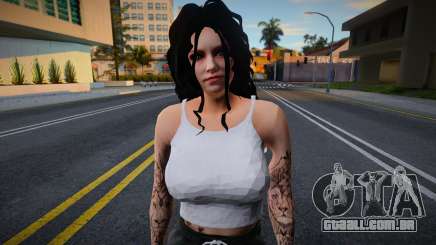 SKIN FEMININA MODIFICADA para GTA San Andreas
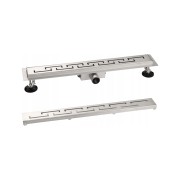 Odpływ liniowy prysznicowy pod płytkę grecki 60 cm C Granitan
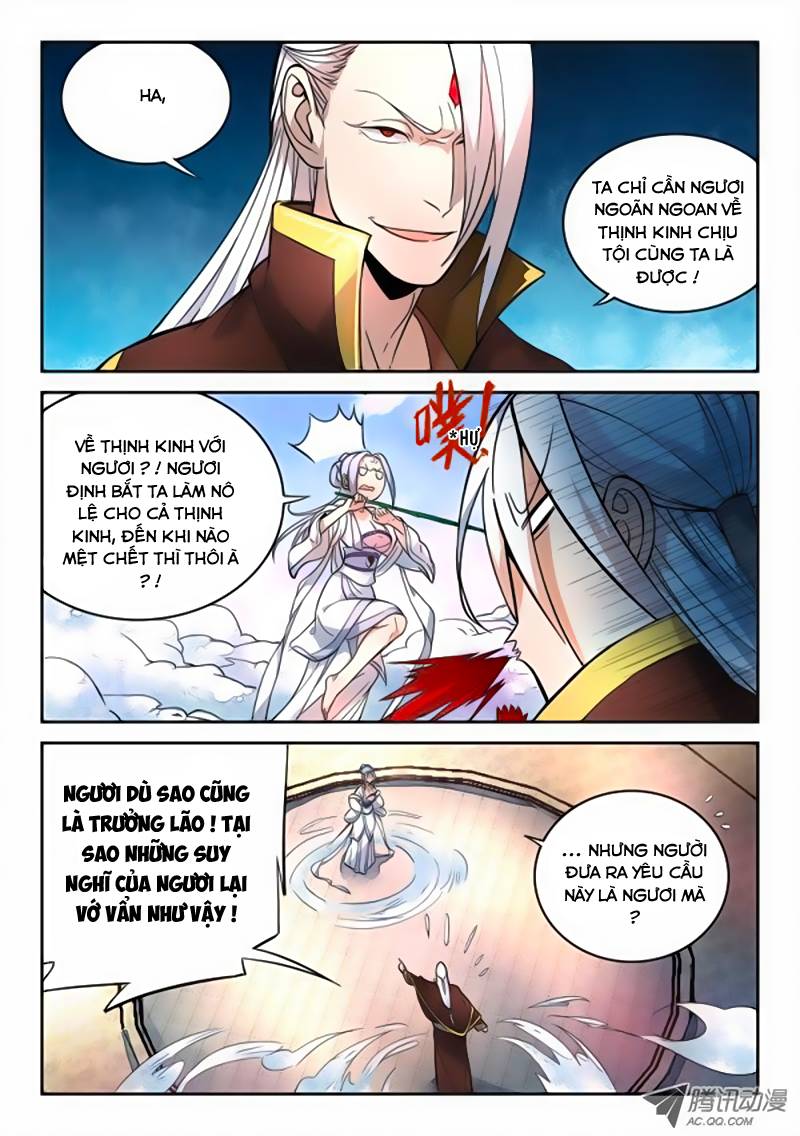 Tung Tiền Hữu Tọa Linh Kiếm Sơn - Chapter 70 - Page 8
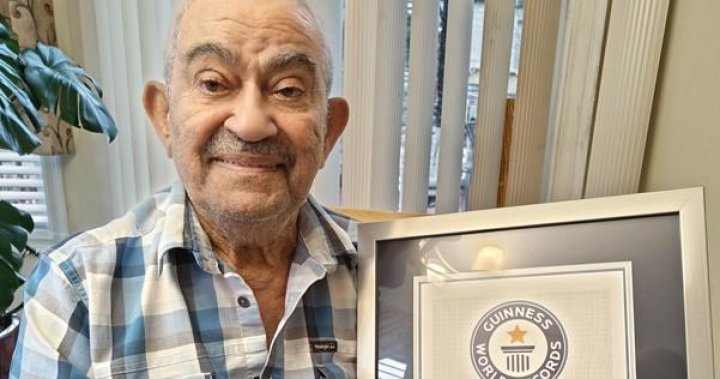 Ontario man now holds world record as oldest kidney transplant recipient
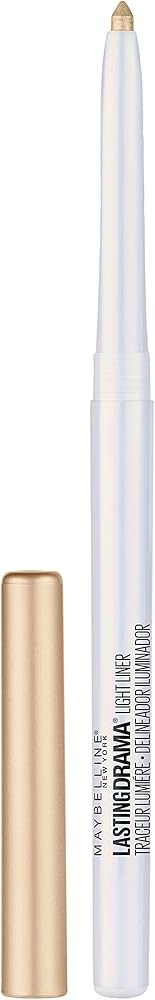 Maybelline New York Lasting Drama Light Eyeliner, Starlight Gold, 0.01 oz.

___

=== Instructions for the task ===
What is needed is a word-for-word restatement of the lines from the one holding "Tung Tiền Hữu" to the final line of the data above, inclusive, without any pictures.

=== Worked solution ===
 Tung Tiền Hữu Tọa Linh Kiếm Sơn - Chapter 70 - Page 8
 Ontario man now holds world record as oldest kidney transplant recipient
 Maybelline New York Lasting Drama Light Eyeliner, Starlight Gold, 0.01 oz.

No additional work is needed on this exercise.